### [WHAT IS REQUIRED]
Beginning with the line that holds "St George Wharf" and ending with the last line below, please copy every line exactly, add nothing, and leave out the pictures.

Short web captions
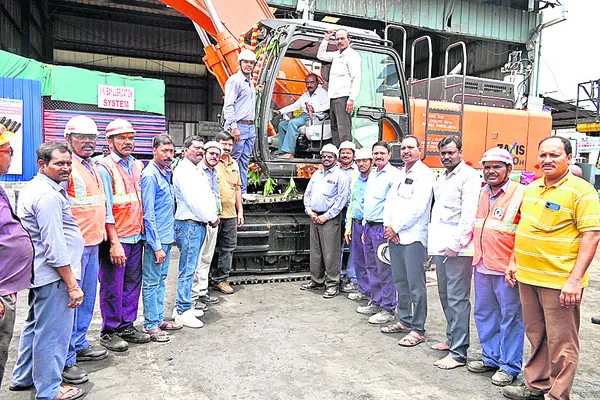 నూతన షావెల్‌కు          ‘ఆపరేషన్‌ సిందూర్‌’ పేరు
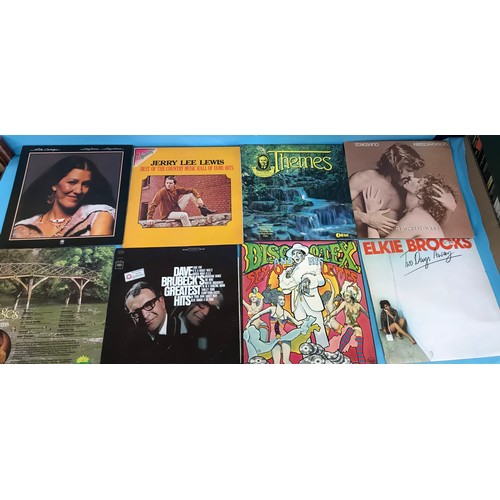 104 - Assorted 33 rpm records, including David Bowie Hunky Dory, Space Oddity (lacks poster), Elton John G... 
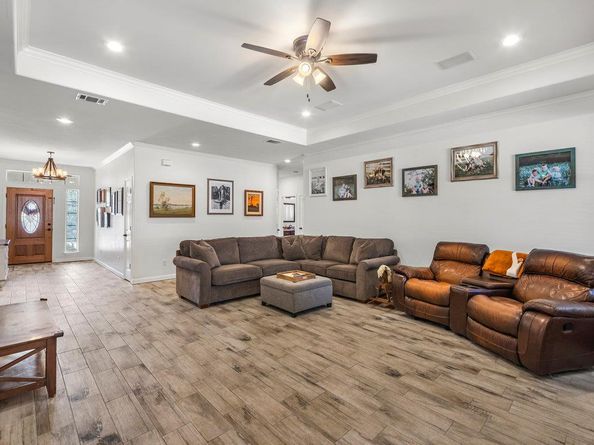 333 Hurst Creek RD, Lakeway TX 78734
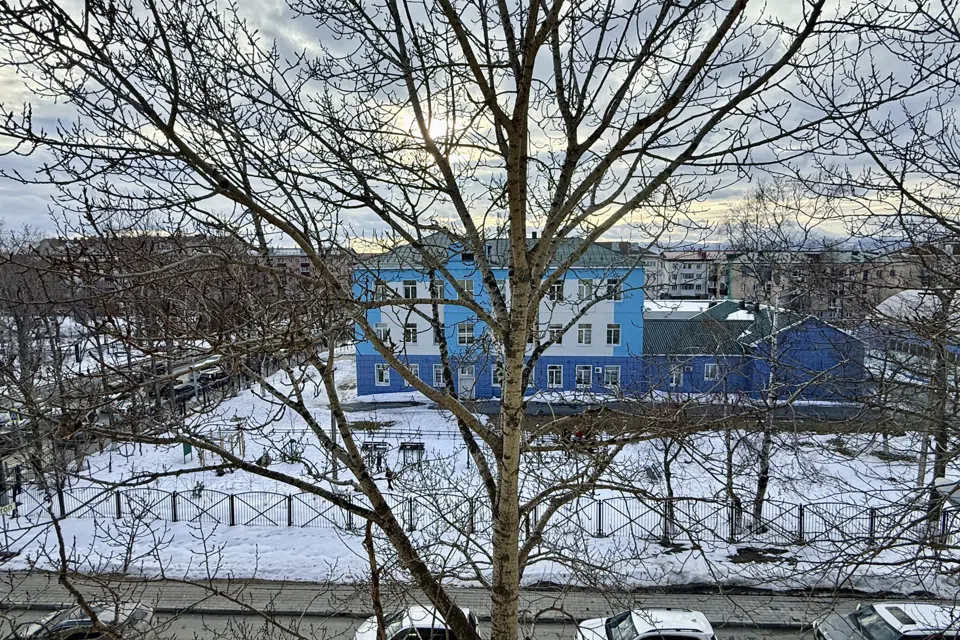 Однушка у СахГУ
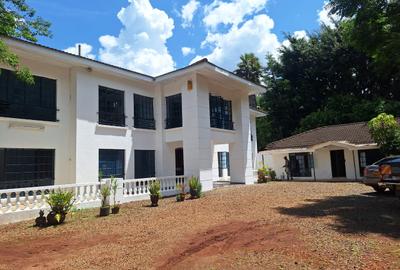 5 Bed House with Staff Quarters in Gigiri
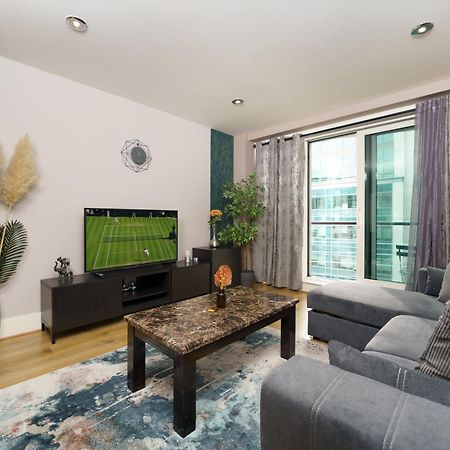 St George Wharf Apartment London Bagian luar foto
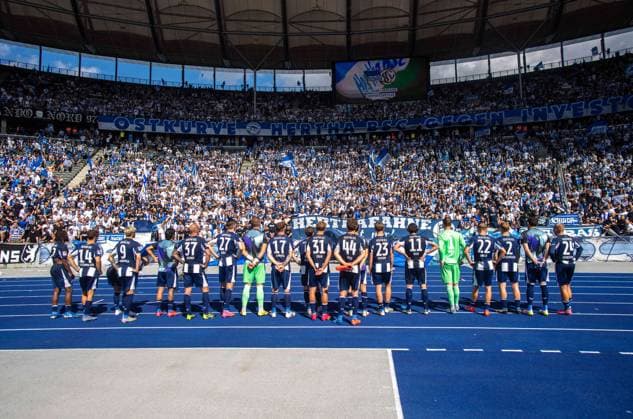 Soccer, Men, Season 2025 2026, 2 Bundesliga 2 Matchday , Hertha BSC Karlsruher SC, Fans and players of Hertha after the final whistle, 10 08 2025, Copyright: xSebastianxRäppold MatthiasxKochx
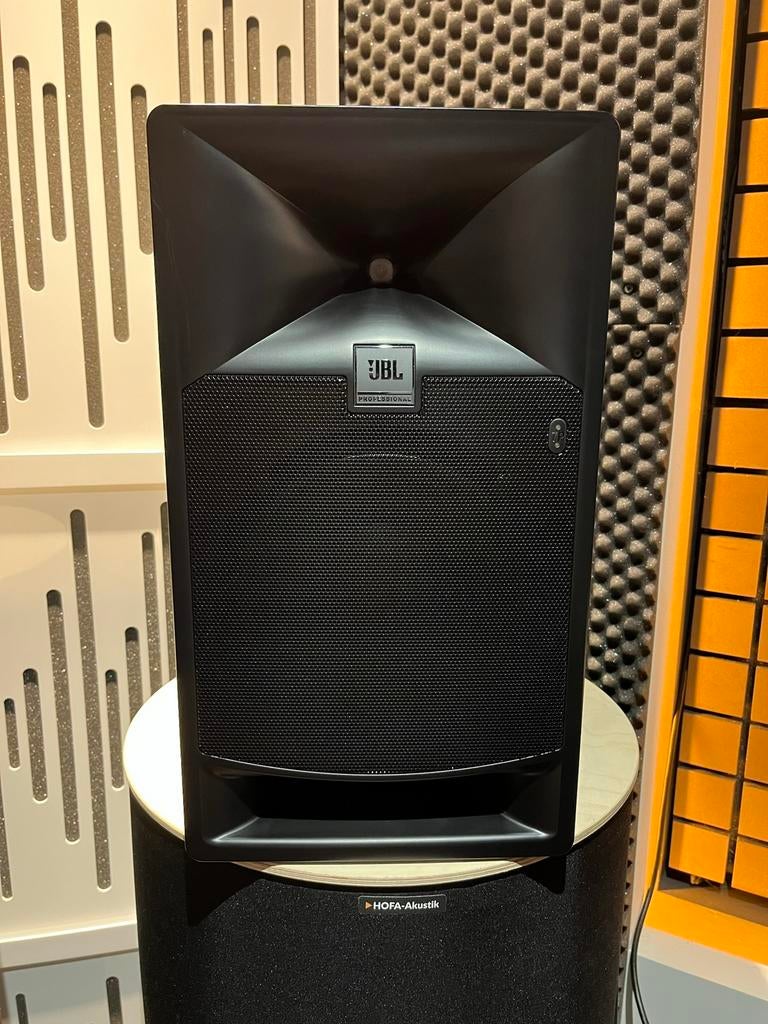 JBL 708p studio monitors, Audio, Tv en Foto, Luidsprekers, Ophalen, JBL, Zo goed als nieuw, 120 watt of meer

### [THE COMPLETED TASK]
 St George Wharf Apartment London Bagian luar foto
 Soccer, Men, Season 2025 2026, 2 Bundesliga 2 Matchday , Hertha BSC Karlsruher SC, Fans and players of Hertha after the final whistle, 10 08 2025, Copyright: xSebastianxRäppold MatthiasxKochx
 JBL 708p studio monitors, Audio, Tv en Foto, Luidsprekers, Ophalen, JBL, Zo goed als nieuw, 120 watt of meer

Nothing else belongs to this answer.